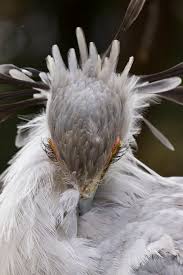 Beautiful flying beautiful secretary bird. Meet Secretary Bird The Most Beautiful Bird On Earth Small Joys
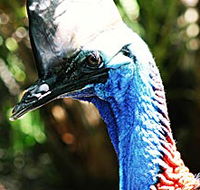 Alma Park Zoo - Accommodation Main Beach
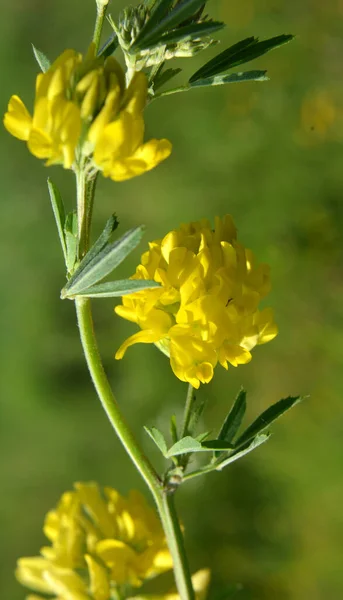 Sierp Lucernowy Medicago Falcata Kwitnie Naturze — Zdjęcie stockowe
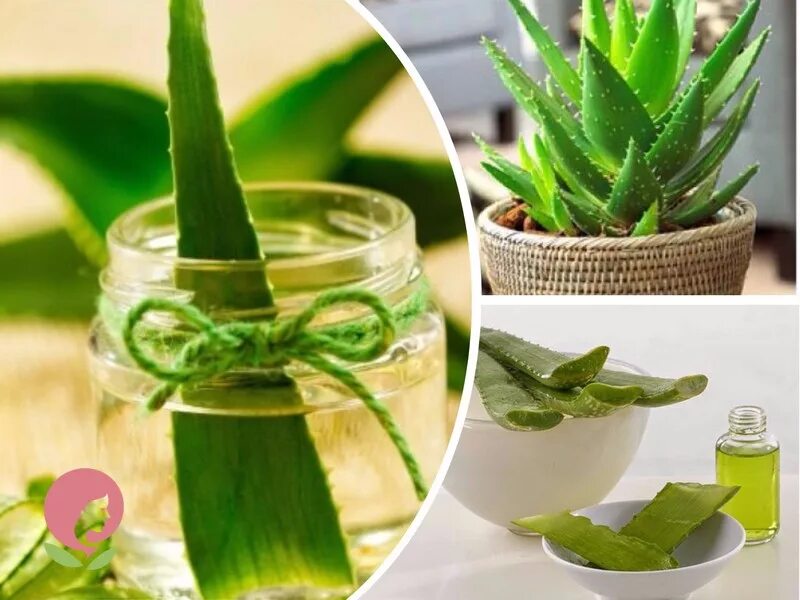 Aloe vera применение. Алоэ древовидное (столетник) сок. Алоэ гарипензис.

+--

> WHAT TO PRODUCE
Every word of the material, and none of its pictures, should be set down again.

> SOLUTION TO THIS EXERCISE
 Beautiful flying beautiful secretary bird. Meet Secretary Bird The Most Beautiful Bird On Earth Small Joys
 Alma Park Zoo - Accommodation Main Beach
 Sierp Lucernowy Medicago Falcata Kwitnie Naturze — Zdjęcie stockowe
 Aloe vera применение. Алоэ древовидное (столетник) сок. Алоэ гарипензис.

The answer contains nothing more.